Parmi ces derniers le principal, le seul qui formât équilibre aux concessions faites par la Russie, le seul qui ait pu la déterminer à souscrire à ces concessions, c'était le principe de la neutralisation de la mer Noire.

Ce principe n'avait d'autre base que la foi des traités.

Or, nous demandons ce que sont devenus depuis 15 ans la plupart des traités sur lesquels reposait l'assiette politique de l'Europe.

M. le comte de Beust ne saurait affirmer que les altérations subies par l'équilibre des situations et des forces en Europe soient indifférentes au statu-quo créé en Orient par le Traité de 1856.

D'un côté, la notion du droit est une. Elle ne peut être invalidée sur plusieurs points et subsister sur un seul.

De l'autre côté, l'Europe d'aujourd'hui n'est plus celle qui a signé le Traité de 1856.

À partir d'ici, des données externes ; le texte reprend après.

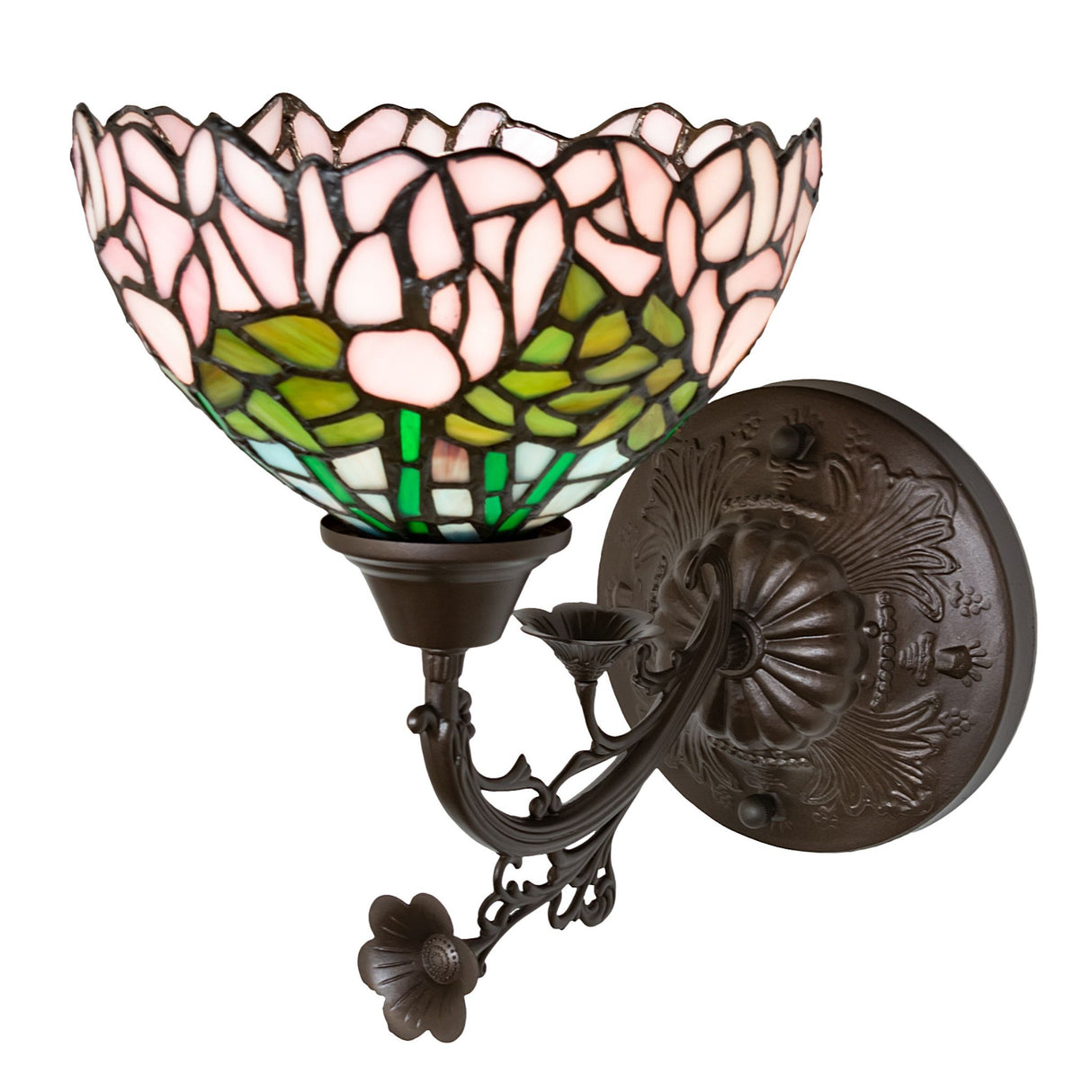 Full view of Tiffany wall sconce with intricate metal base and stained glass.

Les conditions politiques dans lesquelles cette transaction avait été conclue, ont été radicalement modifiées.

Certes, ce n'est pas la Russie qui peut être accusée de porter atteinte au respect du droit. Pendant 40 ans elle en a été le plus ferme soutien en Europe, même au détriment de ses propres intérêts. Si ce principe s'est affaibli par le cours des choses, la responsabilité n'en saurait retomber sur elle.

Mais lorsque les traités les plus solennels ont été anéantis sous ses yeux, lorsque la valeur des garanties Européennes est frappée de nullité par les Cabinets mêmes qui les donnent, lorsque, pour conserver quelque efficacité, elles doivent être renouvelées selon les circonstances du moment, il est impossible que la Russie seule soit liée au respect absolu d'un principe qui a cessé de prévaloir dans les transac-· tions politiques, et surtout qu'elle en fasse dépendre sa sécurité matérielle.

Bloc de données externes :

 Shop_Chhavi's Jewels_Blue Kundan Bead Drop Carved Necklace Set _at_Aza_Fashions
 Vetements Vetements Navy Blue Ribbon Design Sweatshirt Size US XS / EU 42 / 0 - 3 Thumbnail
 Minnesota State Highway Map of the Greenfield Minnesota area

Quant aux infractions spéciales dont le Traité de 1856 a été l'objet, M. le comte de Beust me permettra de ne point m'arrêter à l'objection que les Principautés de Moldavie et de Valachie n'ont pas été signataires de cette transaction.

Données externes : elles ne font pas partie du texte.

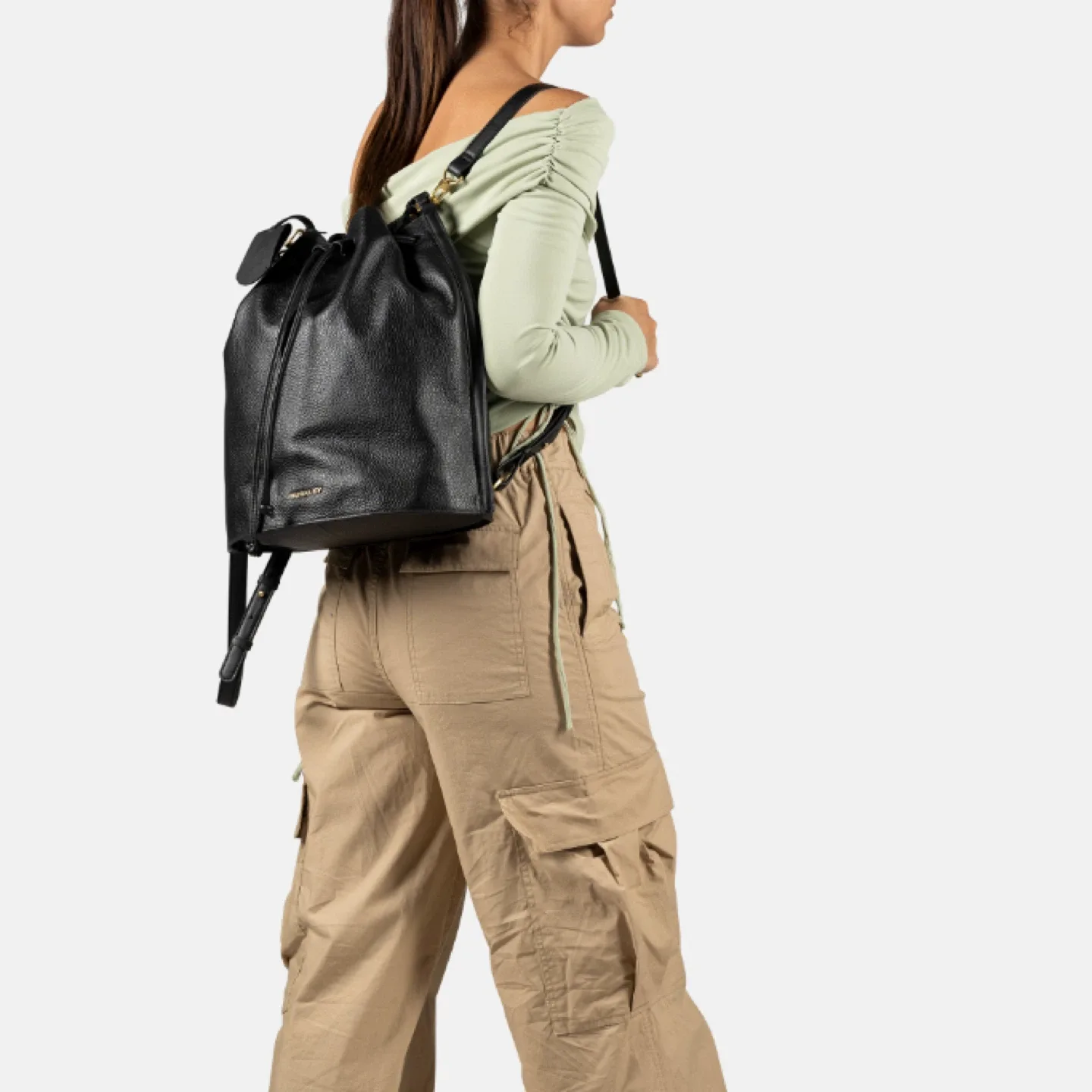 BURKELY real leather black pebble drawstring two-way bag image indicator(2)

Ces provinces, liées à la Porte par des relations de vassalité, ne pouvaient pas être parties contractantes de transactions conclues entre Grandes Puissances. Elles y sont restées étrangères et ne sauraient être rendues responsables des dérogations dont elles ont été le prétexte, en accomplissant des révolutions intérieures sous l'inspiration de leurs passions locales.

L'infraction réside précisement dans le fait que les Grandes Puissances, réunies en Conférence, après avoir inutilement rendu des arrêts qui frappaient de réprobation les faits accomplis, ont fini par les tolérer et les reconnaître, bien qu'ils fussent contraires à l'esprit comme à la lettre du Traité et bien que le Plénipotentiaire de Russie ait signalé que cette tolérance les plaçait en contradiction formelle avec les stipulations de ce Traité.